The corona pandemic has undoubtedly accelerated things. Big shows like Geneva and Paris threw in the towel, the Belgian importer federation Febiac, organizer of the Brussels show, has for a long time been hoping that a new year would bring new hope. In vain.
The sign was given last autumn by the Hyundai importer, stating that “whatever happened”, it would not be present at the 2001 show, using the investments saved to think about other kinds of promotional events and promise that part of that money would directly benefit the customer.
Once the decision had been taken to postpone the 99th Brussels Motor Show to 2022, it was clear that the car-loving consumer could expect a panoply of other ways to try and attract his attention.

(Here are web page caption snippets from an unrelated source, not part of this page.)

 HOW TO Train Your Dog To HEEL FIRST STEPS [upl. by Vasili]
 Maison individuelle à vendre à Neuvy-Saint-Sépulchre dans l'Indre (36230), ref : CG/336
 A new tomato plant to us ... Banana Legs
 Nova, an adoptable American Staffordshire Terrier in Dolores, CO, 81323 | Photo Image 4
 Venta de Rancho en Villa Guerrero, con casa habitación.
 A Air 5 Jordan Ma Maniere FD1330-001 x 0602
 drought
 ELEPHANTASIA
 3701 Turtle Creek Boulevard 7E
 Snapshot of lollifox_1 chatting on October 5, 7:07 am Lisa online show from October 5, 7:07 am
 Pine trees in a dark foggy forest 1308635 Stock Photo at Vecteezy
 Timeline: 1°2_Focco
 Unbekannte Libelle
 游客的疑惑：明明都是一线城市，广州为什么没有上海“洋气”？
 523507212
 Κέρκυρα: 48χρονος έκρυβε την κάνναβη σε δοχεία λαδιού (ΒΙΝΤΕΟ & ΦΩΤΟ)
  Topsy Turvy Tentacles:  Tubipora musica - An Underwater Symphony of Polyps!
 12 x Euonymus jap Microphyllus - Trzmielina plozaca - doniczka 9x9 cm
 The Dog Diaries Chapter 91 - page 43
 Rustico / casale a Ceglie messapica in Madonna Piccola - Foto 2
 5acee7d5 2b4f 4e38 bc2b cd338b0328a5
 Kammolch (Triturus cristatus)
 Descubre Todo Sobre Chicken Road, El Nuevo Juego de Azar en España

One of the most common alternatives is to try to bring the motor show to the customer at his home. The pandemic has accelerated consumer habits of buying online, and for the first time, this has also been true for more expensive goods like cars.
Almost everyone has been working hard to deliver a real motor show experience on the screen, and some of the premium brands have really spent a lot to realize this. The most striking example is Porsche (imported by D’Ieteren) that uses a highly sophisticated camera to display all the goodies to attend the iconic brand.
The innovating thing is that the virtually visiting customer can actually manipulate the camera him/herself and outside as inside the chosen vehicle. It’s a project that has cost Porsche import almost 70% of the investment that would have been made for a live show, but they think it will be worth it.
Where is Febiac?
Many faithful contributors to the show regret that importer federation Febiac hasn’t proposed a virtual alternative itself. “We’ve done everything to make the real motor show go on, and when this finally collapsed, there was too little time to go for something else,” we hear as an unofficial comment.
Meanwhile, it’s the small importers who will suffer the most. Those who can’t afford huge virtual shows on their websites are now exempted from the showroom traffic that a live motor show would have given them.
And the future?
In the end, only the ‘leads’ will count. The success of the investment in a motor show has always been counted in the number of leads (by interested consumers) delivered at the dealers just before, during, and a while after the motor show.
Every importer is waiting for this result with anxiety following the virtual motor show and all accompanying local events that will take place in the course of January.
This result is not only pending like a Damocles’ sword above the heads of some importers. It’s also causing great disquiet at Febiac. Presumed that the results are good to very good, more than one importer will ask himself if it’s still necessary to be present at the next live motor show.
Consumer patterns are changing rapidly; perhaps the importer habits will have to follow suit quickly. Febiac is facing the not too easy task to reinvent itself and its primary source of income, the Brussels Motor Show. We hope to relive it next year, but we fear that ‘business as usual’ won’t be the case anymore.
And he press?
Even the press is following suit. We already informed you recently about the country’s largest newspaper website (hln.be) to organize a permanent test center (HLNDrive) of the most important models on the Belgian market, now the most important specialized car editor is following suit.
Produpress (publishing well-known car magazines like AutoGids, AutoWereld, and Moniteur Automobile), renowned for its meticulous coverage of the Motor Show, has just launched a virtual showroom on its websites. Others will follow.